[[ SOURCE MATERIAL, beginning ]]

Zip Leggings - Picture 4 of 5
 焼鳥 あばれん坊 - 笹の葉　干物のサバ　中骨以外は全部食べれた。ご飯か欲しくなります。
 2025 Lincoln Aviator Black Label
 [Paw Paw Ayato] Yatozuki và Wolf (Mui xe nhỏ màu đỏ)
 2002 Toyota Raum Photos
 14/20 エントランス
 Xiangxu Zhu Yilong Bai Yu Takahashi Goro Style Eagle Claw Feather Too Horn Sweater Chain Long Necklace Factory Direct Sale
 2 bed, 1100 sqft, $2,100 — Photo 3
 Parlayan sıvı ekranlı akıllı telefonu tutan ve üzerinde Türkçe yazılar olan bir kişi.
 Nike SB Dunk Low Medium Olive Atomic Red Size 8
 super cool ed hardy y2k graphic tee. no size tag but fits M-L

[[ SOURCE MATERIAL, end ]]

■ **TASK REQUIREMENTS**
Repeat each record above precisely as written.

■ **TASK RESPONSE**
Zip Leggings - Picture 4 of 5
 焼鳥 あばれん坊 - 笹の葉　干物のサバ　中骨以外は全部食べれた。ご飯か欲しくなります。
 2025 Lincoln Aviator Black Label
 [Paw Paw Ayato] Yatozuki và Wolf (Mui xe nhỏ màu đỏ)
 2002 Toyota Raum Photos
 14/20 エントランス
 Xiangxu Zhu Yilong Bai Yu Takahashi Goro Style Eagle Claw Feather Too Horn Sweater Chain Long Necklace Factory Direct Sale
 2 bed, 1100 sqft, $2,100 — Photo 3
 Parlayan sıvı ekranlı akıllı telefonu tutan ve üzerinde Türkçe yazılar olan bir kişi.
 Nike SB Dunk Low Medium Olive Atomic Red Size 8
 super cool ed hardy y2k graphic tee. no size tag but fits M-L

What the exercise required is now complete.